The basic idea is that we add a new RTL optimization pass (or two) that assesses the usage of pseudo registers, and makes recommendations about what register class each should end up in, if there's a choice. These recommendations would then be used by later passes to get a better use of NEON. I might call this the "prealloc" pass, or something.
That sounds very much like the pre-reload that "new-ra" had at one point (http://gcc.gnu.org/viewcvs/branches/new-regalloc-branch/gcc/pre-reload.c). The problem with pre-reload for new-ra was that it was basically reload instead of something nicer and cleaner. It also only ran just before the register allocator, which is too late for the problem you are trying to solve.

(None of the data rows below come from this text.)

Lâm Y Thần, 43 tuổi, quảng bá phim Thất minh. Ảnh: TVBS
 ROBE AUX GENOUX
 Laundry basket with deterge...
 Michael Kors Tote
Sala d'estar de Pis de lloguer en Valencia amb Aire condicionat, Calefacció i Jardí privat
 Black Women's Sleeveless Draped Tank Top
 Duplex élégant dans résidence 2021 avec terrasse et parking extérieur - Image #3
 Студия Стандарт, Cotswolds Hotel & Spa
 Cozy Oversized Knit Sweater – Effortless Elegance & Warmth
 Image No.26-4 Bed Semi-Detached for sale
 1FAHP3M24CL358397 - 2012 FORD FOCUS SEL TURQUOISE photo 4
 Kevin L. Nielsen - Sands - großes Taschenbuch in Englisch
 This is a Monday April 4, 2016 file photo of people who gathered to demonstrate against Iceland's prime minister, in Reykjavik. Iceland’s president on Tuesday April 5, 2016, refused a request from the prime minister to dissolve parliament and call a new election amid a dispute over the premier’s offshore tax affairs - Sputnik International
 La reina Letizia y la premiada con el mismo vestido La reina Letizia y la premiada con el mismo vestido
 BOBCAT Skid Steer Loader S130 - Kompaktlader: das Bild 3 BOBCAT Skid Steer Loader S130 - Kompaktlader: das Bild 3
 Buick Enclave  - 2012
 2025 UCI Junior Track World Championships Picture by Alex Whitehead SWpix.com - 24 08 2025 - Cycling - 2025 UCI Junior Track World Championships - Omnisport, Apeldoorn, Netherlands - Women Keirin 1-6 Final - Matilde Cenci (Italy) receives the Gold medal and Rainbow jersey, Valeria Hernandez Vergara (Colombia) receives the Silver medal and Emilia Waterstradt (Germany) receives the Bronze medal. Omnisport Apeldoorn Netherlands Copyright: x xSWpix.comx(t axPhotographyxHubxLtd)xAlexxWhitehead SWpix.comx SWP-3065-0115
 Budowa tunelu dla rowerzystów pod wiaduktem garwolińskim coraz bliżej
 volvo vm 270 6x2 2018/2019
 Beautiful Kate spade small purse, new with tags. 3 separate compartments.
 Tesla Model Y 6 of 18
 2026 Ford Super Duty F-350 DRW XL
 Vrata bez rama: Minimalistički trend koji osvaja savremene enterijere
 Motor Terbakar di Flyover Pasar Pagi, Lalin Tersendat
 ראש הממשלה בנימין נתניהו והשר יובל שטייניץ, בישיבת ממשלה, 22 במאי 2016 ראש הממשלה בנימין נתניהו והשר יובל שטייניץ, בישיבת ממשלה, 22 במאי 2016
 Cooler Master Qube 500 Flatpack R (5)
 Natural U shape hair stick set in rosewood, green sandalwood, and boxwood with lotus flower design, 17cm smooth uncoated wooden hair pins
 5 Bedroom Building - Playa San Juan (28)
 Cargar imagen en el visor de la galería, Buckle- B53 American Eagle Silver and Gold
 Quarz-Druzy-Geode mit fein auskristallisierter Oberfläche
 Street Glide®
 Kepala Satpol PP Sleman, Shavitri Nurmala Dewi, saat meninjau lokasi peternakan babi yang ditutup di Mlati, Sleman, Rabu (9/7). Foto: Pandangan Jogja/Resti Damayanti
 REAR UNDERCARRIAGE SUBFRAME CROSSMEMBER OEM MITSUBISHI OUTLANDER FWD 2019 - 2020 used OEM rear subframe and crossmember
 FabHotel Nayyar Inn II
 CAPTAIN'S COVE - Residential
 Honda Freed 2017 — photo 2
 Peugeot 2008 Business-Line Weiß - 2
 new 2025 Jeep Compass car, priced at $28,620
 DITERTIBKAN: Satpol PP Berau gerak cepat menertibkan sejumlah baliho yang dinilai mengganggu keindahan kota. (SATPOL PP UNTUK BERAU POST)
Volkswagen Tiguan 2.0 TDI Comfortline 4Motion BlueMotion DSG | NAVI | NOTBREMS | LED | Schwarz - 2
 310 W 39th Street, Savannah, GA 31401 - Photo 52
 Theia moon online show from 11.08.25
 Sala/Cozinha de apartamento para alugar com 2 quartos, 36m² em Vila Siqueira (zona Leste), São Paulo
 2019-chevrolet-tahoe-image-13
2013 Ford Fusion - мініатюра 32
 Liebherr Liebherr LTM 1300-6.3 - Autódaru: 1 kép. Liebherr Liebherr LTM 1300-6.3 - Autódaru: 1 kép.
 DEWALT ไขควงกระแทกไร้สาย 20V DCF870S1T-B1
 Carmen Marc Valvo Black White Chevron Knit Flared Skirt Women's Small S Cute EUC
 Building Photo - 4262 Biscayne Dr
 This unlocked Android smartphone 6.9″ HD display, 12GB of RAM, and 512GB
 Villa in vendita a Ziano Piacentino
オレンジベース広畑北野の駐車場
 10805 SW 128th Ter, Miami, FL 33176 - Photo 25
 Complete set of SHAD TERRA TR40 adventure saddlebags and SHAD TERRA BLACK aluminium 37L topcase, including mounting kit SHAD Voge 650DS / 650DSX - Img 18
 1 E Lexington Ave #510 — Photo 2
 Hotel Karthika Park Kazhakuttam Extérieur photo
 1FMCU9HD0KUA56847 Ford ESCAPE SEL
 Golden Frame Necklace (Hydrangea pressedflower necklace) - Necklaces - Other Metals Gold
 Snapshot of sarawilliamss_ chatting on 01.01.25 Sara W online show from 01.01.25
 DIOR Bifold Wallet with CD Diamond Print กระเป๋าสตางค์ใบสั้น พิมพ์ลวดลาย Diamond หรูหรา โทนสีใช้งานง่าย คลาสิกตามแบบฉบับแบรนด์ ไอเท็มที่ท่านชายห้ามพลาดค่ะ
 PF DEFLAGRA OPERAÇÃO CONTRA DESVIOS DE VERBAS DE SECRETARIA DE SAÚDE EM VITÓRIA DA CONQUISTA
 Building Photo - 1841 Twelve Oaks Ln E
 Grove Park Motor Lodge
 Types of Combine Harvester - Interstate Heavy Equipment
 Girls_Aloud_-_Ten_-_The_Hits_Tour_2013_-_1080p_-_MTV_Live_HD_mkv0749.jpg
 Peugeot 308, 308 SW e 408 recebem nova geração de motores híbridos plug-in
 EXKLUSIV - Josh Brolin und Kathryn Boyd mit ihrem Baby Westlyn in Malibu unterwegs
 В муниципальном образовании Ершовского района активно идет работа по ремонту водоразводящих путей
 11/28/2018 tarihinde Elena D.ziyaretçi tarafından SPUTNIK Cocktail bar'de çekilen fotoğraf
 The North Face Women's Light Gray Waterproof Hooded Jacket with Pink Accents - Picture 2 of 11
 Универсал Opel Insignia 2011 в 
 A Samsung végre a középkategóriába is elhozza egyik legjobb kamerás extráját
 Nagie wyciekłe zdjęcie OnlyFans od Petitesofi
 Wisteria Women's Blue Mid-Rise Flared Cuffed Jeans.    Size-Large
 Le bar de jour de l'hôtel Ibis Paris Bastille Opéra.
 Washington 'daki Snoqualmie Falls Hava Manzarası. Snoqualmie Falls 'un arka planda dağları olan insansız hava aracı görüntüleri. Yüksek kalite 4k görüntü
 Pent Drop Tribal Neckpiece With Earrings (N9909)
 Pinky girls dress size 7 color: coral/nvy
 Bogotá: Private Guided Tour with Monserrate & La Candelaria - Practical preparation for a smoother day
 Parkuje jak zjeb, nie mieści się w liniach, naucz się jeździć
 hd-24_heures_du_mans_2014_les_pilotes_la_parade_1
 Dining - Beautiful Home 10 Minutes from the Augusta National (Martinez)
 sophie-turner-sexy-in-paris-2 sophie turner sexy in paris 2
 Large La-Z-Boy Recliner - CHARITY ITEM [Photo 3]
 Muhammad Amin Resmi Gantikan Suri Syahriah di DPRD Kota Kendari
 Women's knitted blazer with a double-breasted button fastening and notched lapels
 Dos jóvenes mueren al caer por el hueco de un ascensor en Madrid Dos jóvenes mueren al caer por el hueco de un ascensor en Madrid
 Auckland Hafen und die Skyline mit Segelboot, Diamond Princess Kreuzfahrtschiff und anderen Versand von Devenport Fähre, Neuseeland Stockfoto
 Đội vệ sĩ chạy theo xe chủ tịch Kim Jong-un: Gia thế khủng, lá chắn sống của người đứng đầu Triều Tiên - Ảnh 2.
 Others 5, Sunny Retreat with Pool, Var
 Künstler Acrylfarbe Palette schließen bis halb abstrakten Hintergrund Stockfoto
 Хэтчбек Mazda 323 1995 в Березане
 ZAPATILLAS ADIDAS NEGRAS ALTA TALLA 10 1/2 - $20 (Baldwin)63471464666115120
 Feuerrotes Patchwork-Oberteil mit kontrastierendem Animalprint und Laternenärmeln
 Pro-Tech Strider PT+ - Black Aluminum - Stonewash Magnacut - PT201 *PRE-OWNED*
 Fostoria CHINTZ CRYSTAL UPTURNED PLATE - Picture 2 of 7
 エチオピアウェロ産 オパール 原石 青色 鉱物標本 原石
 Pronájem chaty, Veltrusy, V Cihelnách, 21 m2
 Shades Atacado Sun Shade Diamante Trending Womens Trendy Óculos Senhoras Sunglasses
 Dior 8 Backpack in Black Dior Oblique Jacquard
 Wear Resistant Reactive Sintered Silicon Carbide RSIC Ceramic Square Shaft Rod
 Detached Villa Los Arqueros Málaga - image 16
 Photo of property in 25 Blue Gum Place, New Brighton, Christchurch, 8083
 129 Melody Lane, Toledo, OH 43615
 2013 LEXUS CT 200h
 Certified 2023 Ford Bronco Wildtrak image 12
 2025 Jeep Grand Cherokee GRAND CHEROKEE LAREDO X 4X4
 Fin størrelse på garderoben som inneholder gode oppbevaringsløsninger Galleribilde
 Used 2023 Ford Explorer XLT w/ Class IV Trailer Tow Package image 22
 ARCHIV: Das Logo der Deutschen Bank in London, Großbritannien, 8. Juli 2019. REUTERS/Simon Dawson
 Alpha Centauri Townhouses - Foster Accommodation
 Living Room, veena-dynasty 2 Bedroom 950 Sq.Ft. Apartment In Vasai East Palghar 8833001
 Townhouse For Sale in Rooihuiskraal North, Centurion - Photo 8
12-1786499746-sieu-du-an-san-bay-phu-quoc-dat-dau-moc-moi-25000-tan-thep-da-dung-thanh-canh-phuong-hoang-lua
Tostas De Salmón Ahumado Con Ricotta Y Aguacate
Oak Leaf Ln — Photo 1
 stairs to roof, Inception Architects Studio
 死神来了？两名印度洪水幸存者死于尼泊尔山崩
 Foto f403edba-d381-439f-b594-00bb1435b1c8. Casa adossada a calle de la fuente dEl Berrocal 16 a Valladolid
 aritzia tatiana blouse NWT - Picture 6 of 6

Firstly, for each pseudo-register in a function, the pass would look at the insn constraints for each "def" and "use", and see how the registers relate to one another. This might determine things like "if rN is in class A, then rM must be also in class A".
At SUSE I tried to do this with the webizer pass (web.c). I wrote down the ideas we implemented at the time (see http://gcc.gnu.org/ml/gcc/2005-01/msg00179.html):
- web class, to replace regclass and choose register classes webs instead of pseudos. This also includes splitting webs if a register in a web really wants to be in two different classes to satisfy constraints in two different insns. Right now, as far as I understand, regclass just picks one and lets reload figure out how to fix up that mistake. - A semi-strict RTL mode. Right now there is just strict and non-strict. On the branch there is a semi-strict mode which is the same as strict RTL except that pseudo-registers are still allowed. - pre-reload (which is related to web class) to make sure as many insn constraints as possible are satisfied before the register allocator goes to work. Basically, after pre-reload the insns stream should be in semi-strict RTL form.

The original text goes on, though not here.